Is the integral always the area under the curve?
Solution 1:
Saying "the integral is the area under the curve" is a common misconception that needs qualification. More precisely:
- If $f(x)\ge 0$ on $(a,b)$, then the area under the curve is given by $\int_a^b f(x)\,dx$.
- More generally, with no qualifications on the sign of $y=f(x)$, we say that $\int_a^b f(x)\,dx$ represents the (net) signed area under the curve meaning that on subinterval(s) where $f(x)\leq 0$, we think of the integral as "negative area", and on subintervals where $f(x)\geq 0$, we think of the integral as "positive area". Then the integral over the whole interval is the sum of these two.
More precisely, if $f:I\to\mathbb R$ with $I=P\cup N$ and $$ \begin{cases} f(x)\geq 0, &x\in P,\\ f(x)\leq 0, &x\in N, \end{cases} $$ then $$ \int_I f(x)\,dx=\underbrace{\int_P f(x)\,dx}_{\geq 0}+\underbrace{\int_N f(x)\,dx}_{\leq 0}.$$
In your example, $$\int_{-\pi/2}^{\pi/2}\sin x\,dx,$$ we can envision the problem like this
We see that $\sin x\leq 0$ on $[-\pi/2,0]$ and $\sin x\geq 0$ on $[0,\pi/2]$, thus \begin{align} \int_{-\pi/2}^{\pi/2}\sin x\,dx=\int_{-\pi/2}^0 \sin x\,dx+\int_0^{\pi/2}\sin x\,dx =-1+1=0. \end{align} From the picture, the "net area" of the $-1$ in red and the $+1$ in green is of course $0$, and the calculus reflects that.
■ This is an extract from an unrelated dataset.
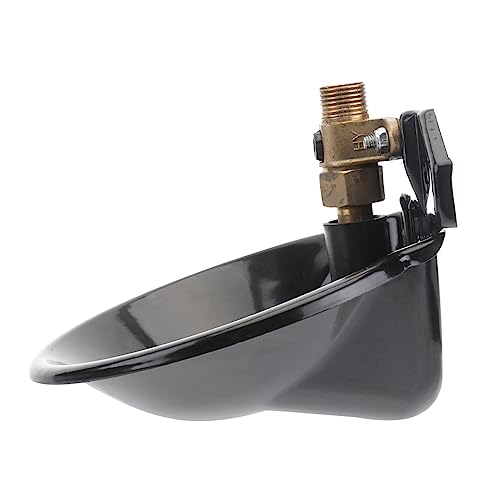 ifundom Automatische Tränke für Schafe und Nutztiere Eisenplatte mit Kupferventil Schwarze Wasserschale für Rinder Ziegen und Hunde Langlebiger Wasserbehälter für Bauernhof ifundom Automatische Tränke für Schafe und Nutztiere Eisenplatte mit Kupferventil Schwarze Wasserschale für Rinder Ziegen und Hunde Langlebiger Wasserbehälter für Bauernhof von ifundom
On the other hand, the total area of the shaded region (not signed area) is $$ \int_{-\pi/2}^{\pi/2}|\sin x|\,dx=\int_{-\pi/2}^0 -\sin x\,dx+\int_0^{\pi/2}\sin x\,dx=-(-1)+1=2. $$ In this case, we negated the $-1$ area in red to get a $+1$ and then added this to the $+1$ area in green to get a total area of $2$.
So be careful about saying "integral is the area under the curve" without qualification!